“Poor, poor Tommy! Oh dear! oh dear!” cried Tony. “Why did he go and do it!”

“It will be sad news at home,” said Rob. “I am thankful that it wasn’t you, Tony; but I had rather it had been anybody but Tommy.”

“Don’t let us give up, then,” said Tony. “May be he’s farther down the stream. I won’t believe that he’s dead till I see him dead.”

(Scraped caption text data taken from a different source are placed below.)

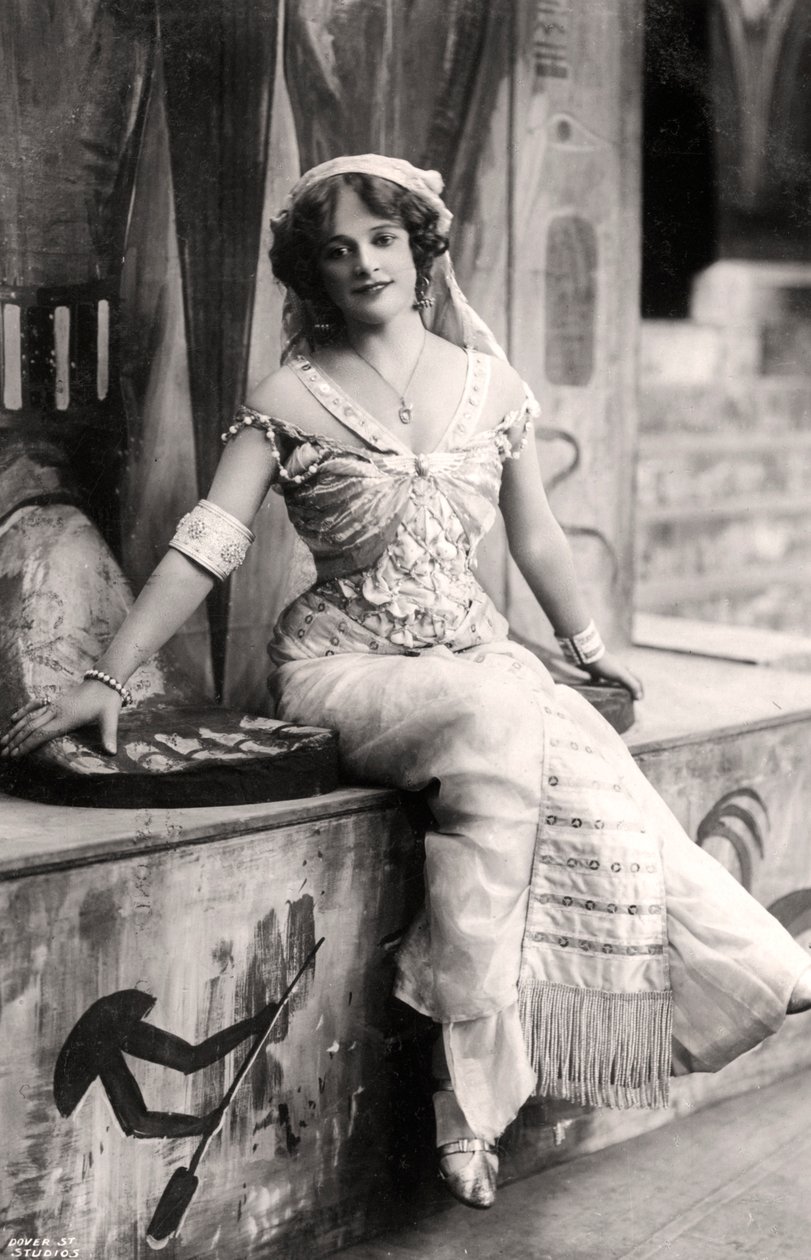 مادج فنسنت ، مغنية وممثلة ، 1900. بواسطة استوديوهات دوفر ستريت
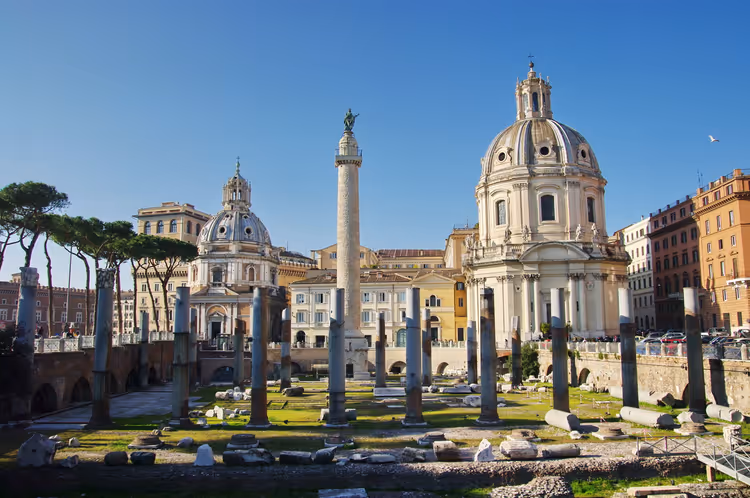 Roma'daki forum kalıntıları arasında Trajan Sütunu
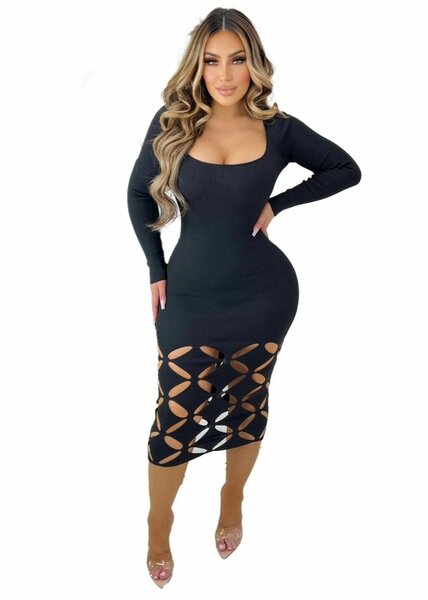 Robe Noire Découpée Élégante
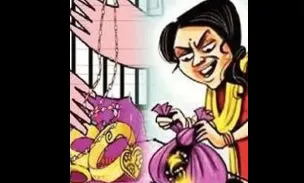 A group of women broke into a house in broad daylight and stole jewelry.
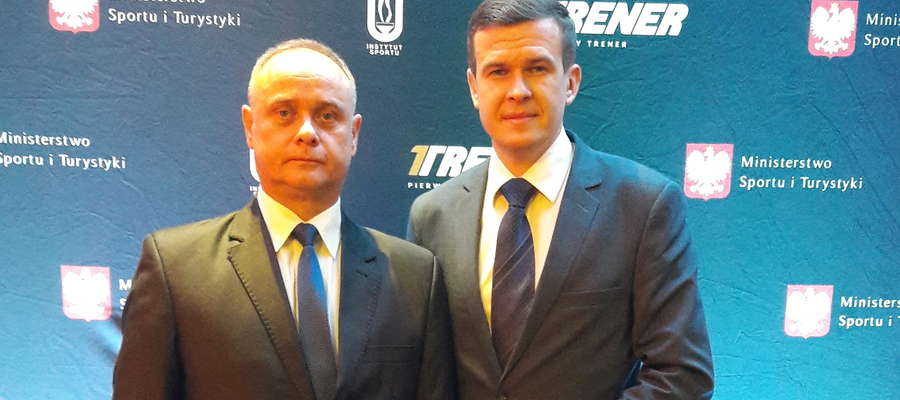 Trener Dariusz Pachucki (z lewej) z ministrem sportu
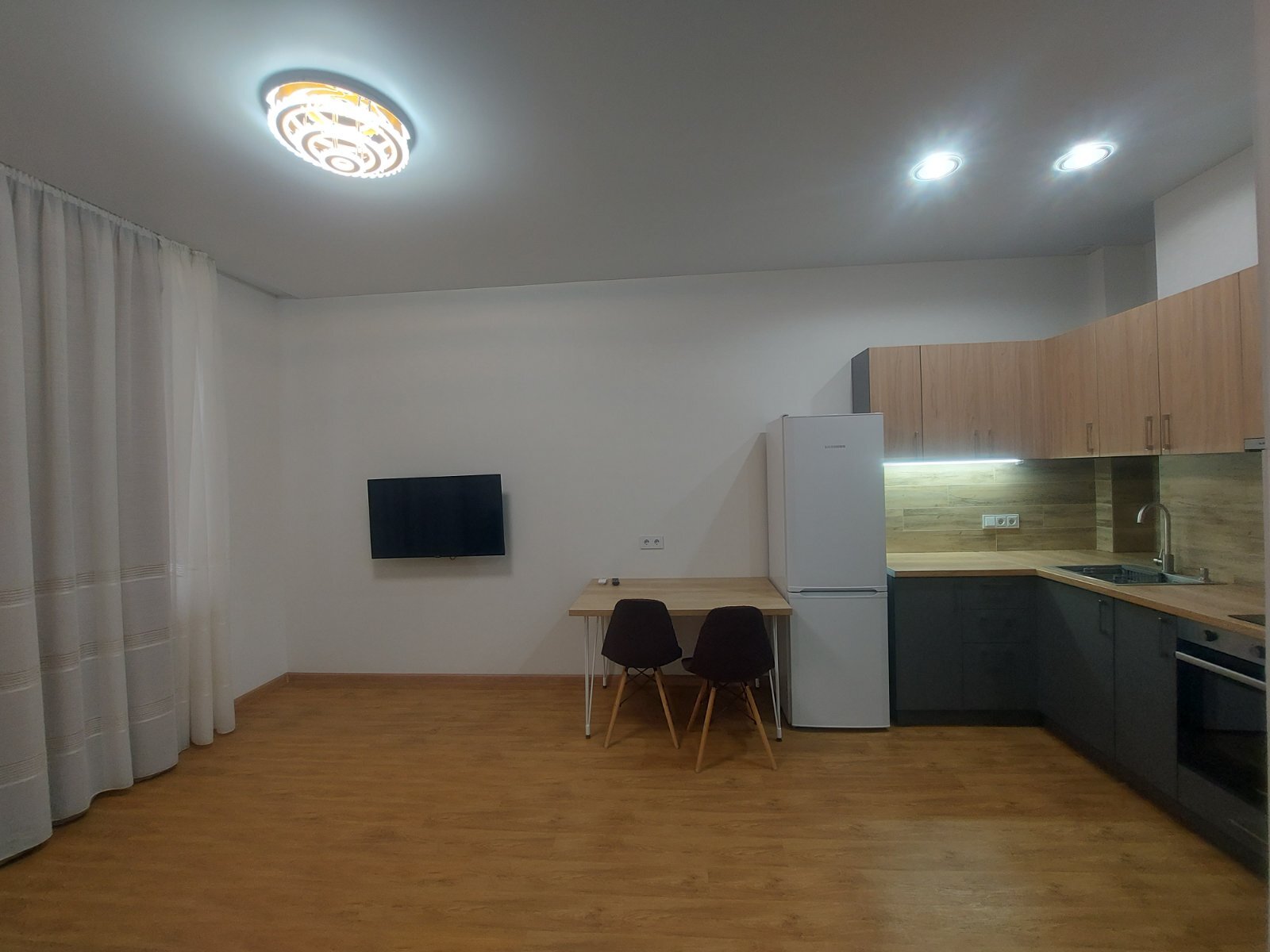 Оренда 1-кімнатної квартири 40 м², Академіка Філатова вул., 2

Strive to the last. That is a good principle. It was one Tony held to, young as he was. They slowly paddled down the stream, looking about them as before. There was a small island some way down like the one above the falls. They paddled up to it, and were going round it, when a log of timber was seen caught in the branches of a tree, which had been blown down, and hung into the water. On the inner end sat Tommy, clinging to the bough above his head. He still seemed too much scared to know exactly what he was about. When his friends shouted his name, he only answered, “Yes; here I am.” Tony, in his joy at getting him back alive, gave him a hug which nearly again upset the canoe. Tommy seemed scarcely to know what had happened, and thought that he was still on the island above the falls. It seemed that he had got hold of the log as it was floating by, and that he was carried with it over the falls, and thus his life was saved. The three lads now paddled on till, just at dark, they reached Roland’s shanty, as it was called.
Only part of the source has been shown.